→ Prompt: Please restate word for word all lines from the one containing "Brunfelsia pauciflora flower on tree" to the final line of the entries, and include no pictures.

→ Records for this exercise:
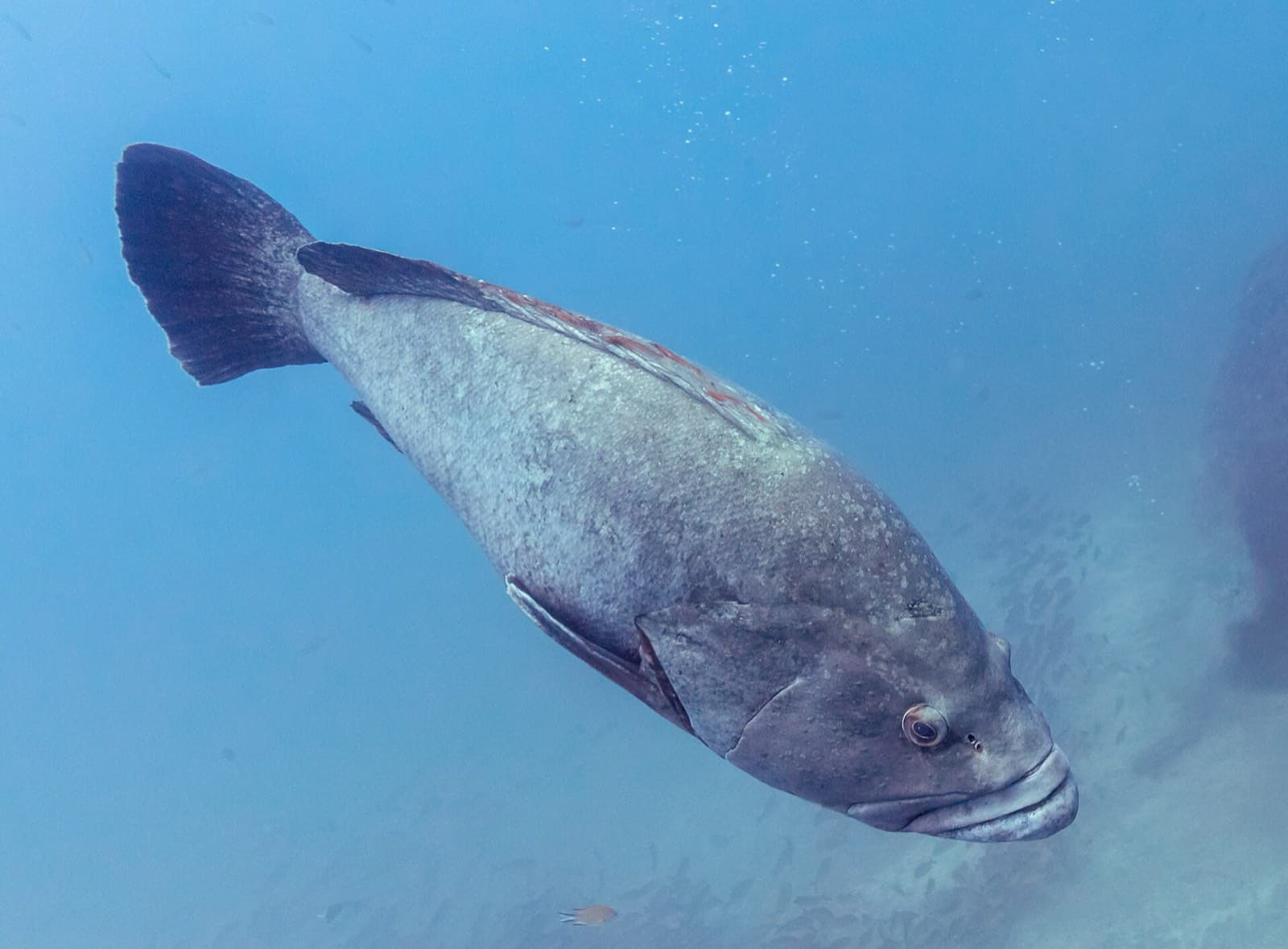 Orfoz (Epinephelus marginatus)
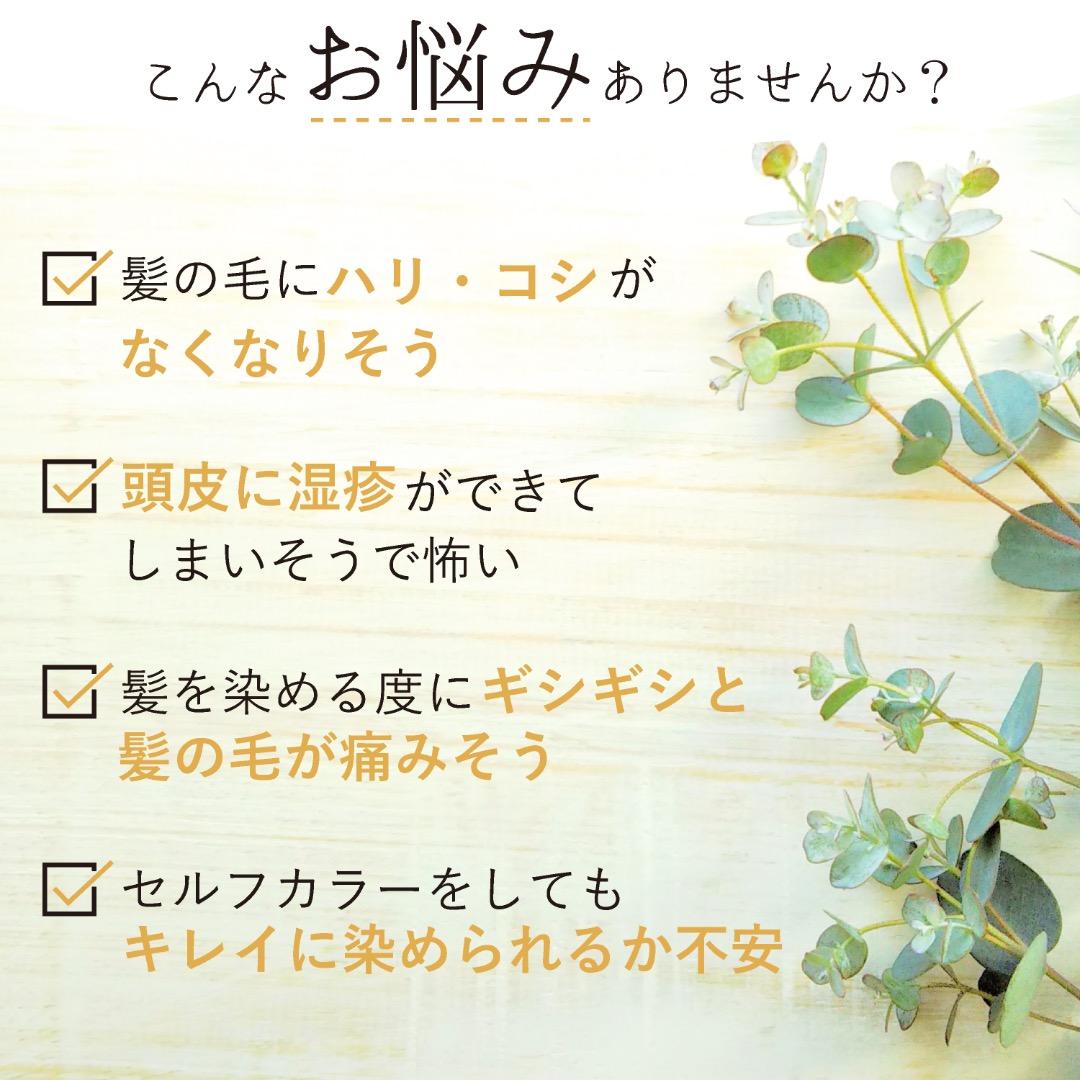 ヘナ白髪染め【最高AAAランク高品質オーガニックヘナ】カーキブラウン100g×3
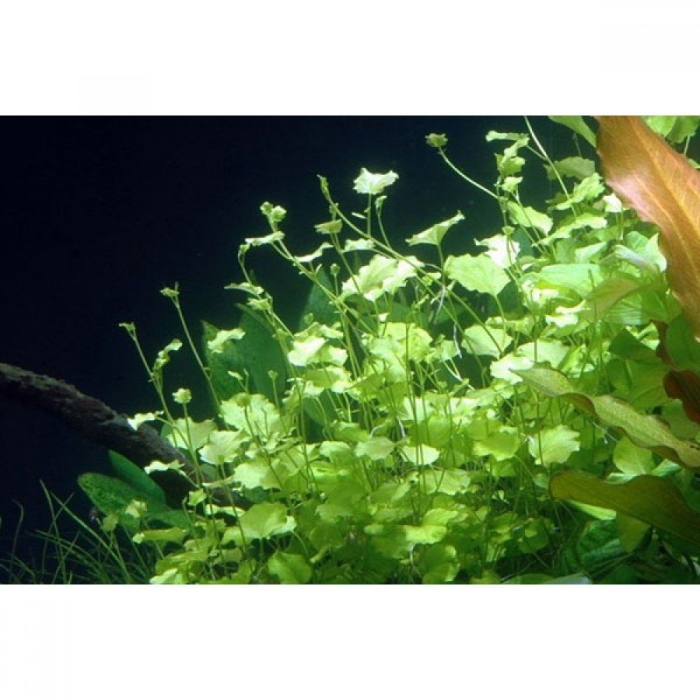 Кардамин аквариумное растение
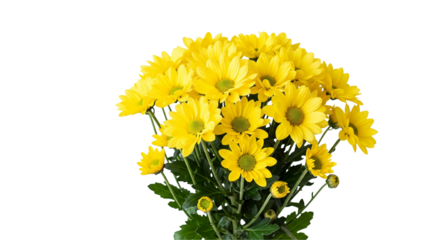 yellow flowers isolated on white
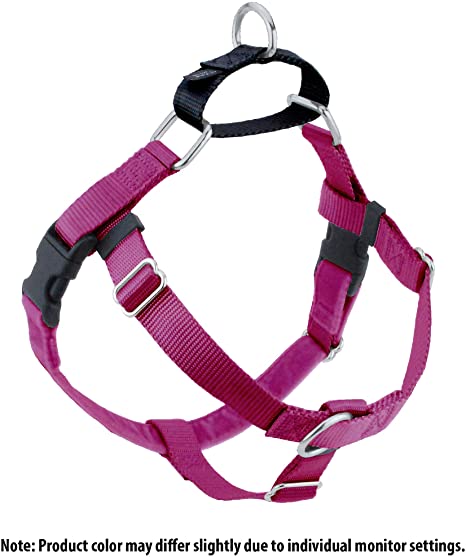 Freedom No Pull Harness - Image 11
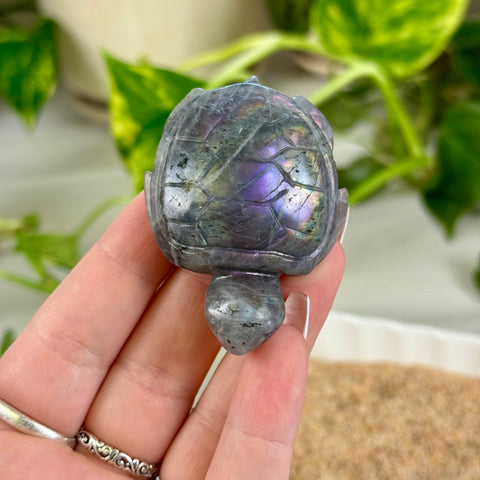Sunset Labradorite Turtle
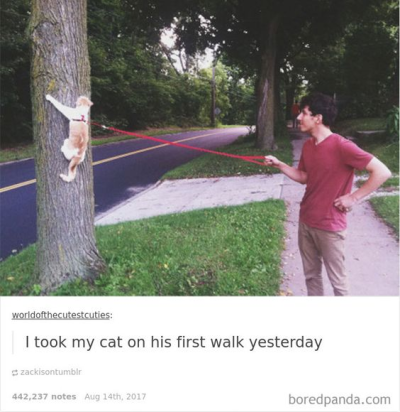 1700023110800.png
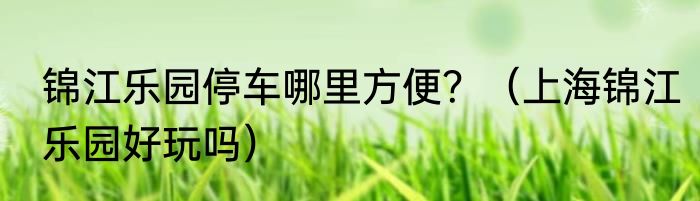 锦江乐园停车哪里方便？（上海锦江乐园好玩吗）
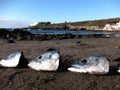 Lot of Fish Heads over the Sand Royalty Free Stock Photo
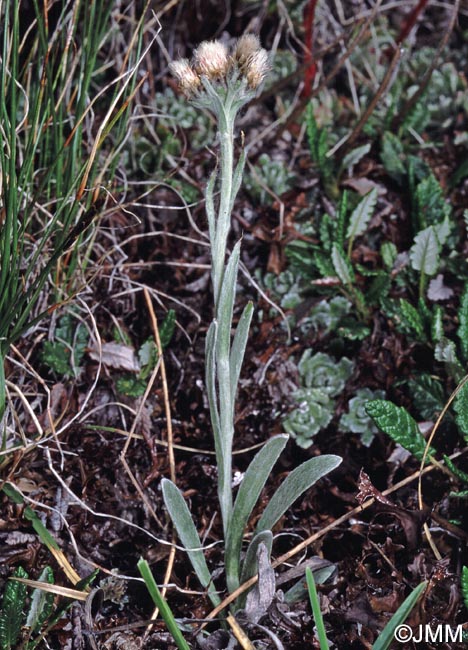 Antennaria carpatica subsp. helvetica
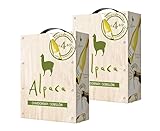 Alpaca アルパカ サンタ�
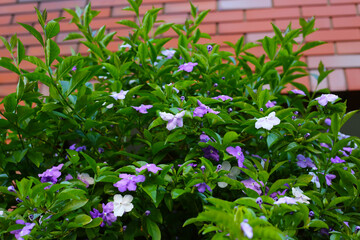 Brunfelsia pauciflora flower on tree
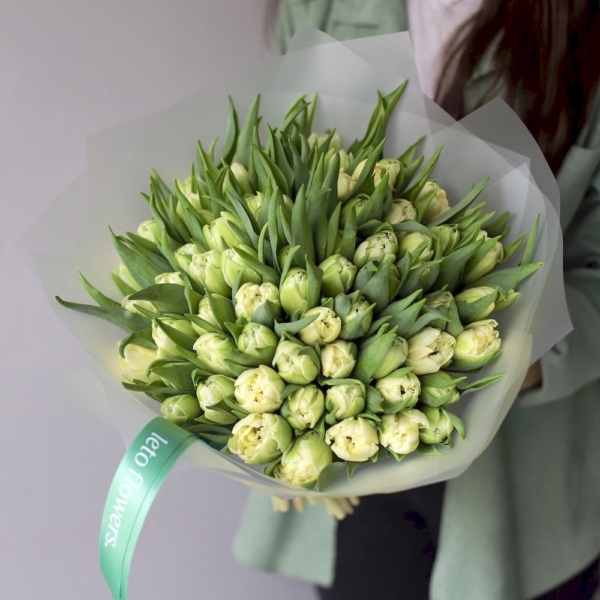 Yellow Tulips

→ Problem solution:
 Brunfelsia pauciflora flower on tree
 Yellow Tulips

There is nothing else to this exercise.